I envision this to look something like this:

bool again = false;
do {
	if (again) {
		// set up mmap-around
		if (cannot map around)
			return 0;
	}
	// try mapping
	if (map_failed && msix_table->bar_index == bar_index) {
		again = true;
		continue;
	}
	if (map_failed)
		return -1;
	break/return 0;
} while (again);
  
Takeshi Yoshimura July 17, 2018, 8:21 a.m. UTC | #3
2018-07-13 20:08 GMT+09:00 Burakov, Anatoly <anatoly.burakov@intel.com>:
> On 13-Jul-18 12:00 PM, Burakov, Anatoly wrote:
>>
>> On 13-Jul-18 11:11 AM, Takeshi Yoshimura wrote:
>>>
>>> The workaround of BAR0 mapping gives up and immediately returns an
>>> error if it cannot map around the MSI-X. However, recent version
>>> of VFIO allows MSIX mapping (*).
>>>
>>> I fixed not to return immediately but try mapping.
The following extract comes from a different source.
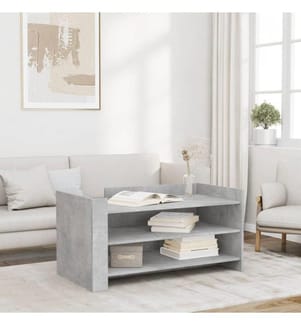 Couchtisch Betongrau 100x50x50 cm Holzwerkstoff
In old Linux, mmap
>>> just fails and returns the same error as the code before my fix . In
>>> recent Linux, mmap succeeds and this patch enables running DPDK in
>>> specific environments (e.g., ppc64le with HGST NVMe)
>>>
>>> (*): "vfio-pci: Allow mapping MSIX BAR",
>>> https://git.kernel.org/pub/scm/linux/kernel/git/torvalds/linux.git/
>>> commit/id=a32295c612c57990d17fb0f41e7134394b2f35f6
>>>
>>> Fixes: 90a1633b2347 ("eal/linux: allow to map BARs with MSI-X tables")
>>>
>>> Signed-off-by: Takeshi Yoshimura <t.yoshimura8869@gmail.com>
>>> ---
>>>
>>> Thanks, Anatoly.
>>>
>>> I updated the patch not to affect behaviors of older Linux and
>>> other environments as well as possible. This patch adds another
>>> chance to mmap BAR0.
>>>
>>> I noticed that the check at line 350 already includes the check
>>> of page size, so this patch does not fix the check.
>>>
>>> Regards,
>>> Takeshi
>>
>>
>> Hi Takeshi,
>>
>> Please correct me if i'm wrong, but i'm not sure the old behavior is kept.
>>
>> Let's say we're running an old kernel, which doesn't allow mapping MSI-X
>> BARs. If MSI-X starts at beginning of the BAR (floor-aligned to page size),
>> and ends at or beyond end of BAR (ceiling-aligned to page size). In that
>> situation, old code just skipped the BAR and returned 0.
>>
>> We then exited the function, and there's a check for return value right
>> after pci_vfio_mmap_bar() that stop continuing if we fail to map something.
>> In the old code, we would continue as we went, and finish the rest of our
>> mappings. With your new code, you're attempting to map the BAR, it fails,
>> and you will return -1 on older kernels.
>>
>> I believe what we really need here is the following:
>>
>> 1) If this is a BAR containing MSI-X vector, first try mapping the entire
>> BAR. If it succeeds, great - that would be your new kernel behavior.
>> 2) If we failed on step 1), check to see if we can map around the BAR. If
>> we can, try to map around it like the current code does. If we cannot map
>> around it (i.e. if MSI-X vector, page aligned, occupies entire BAR), then we
>> simply return 0 and skip the BAR.
>>
>> That, i would think, would keep the old behavior and enable the new one.
>>
>> Does that make sense?
>>
>
> I envision this to look something like this:
>
> bool again = false;
> do {
>         if (again) {
>                 // set up mmap-around
>                 if (cannot map around)
>                         return 0;
>         }
>         // try mapping
>         if (map_failed && msix_table->bar_index == bar_index) {
>                 again = true;
>                 continue;
>         }
>         if (map_failed)
>                 return -1;
>         break/return 0;
> } while (again);
>
> --
> Thanks,
> Anatoly

That makes sense. The return code was not same as old one in some paths.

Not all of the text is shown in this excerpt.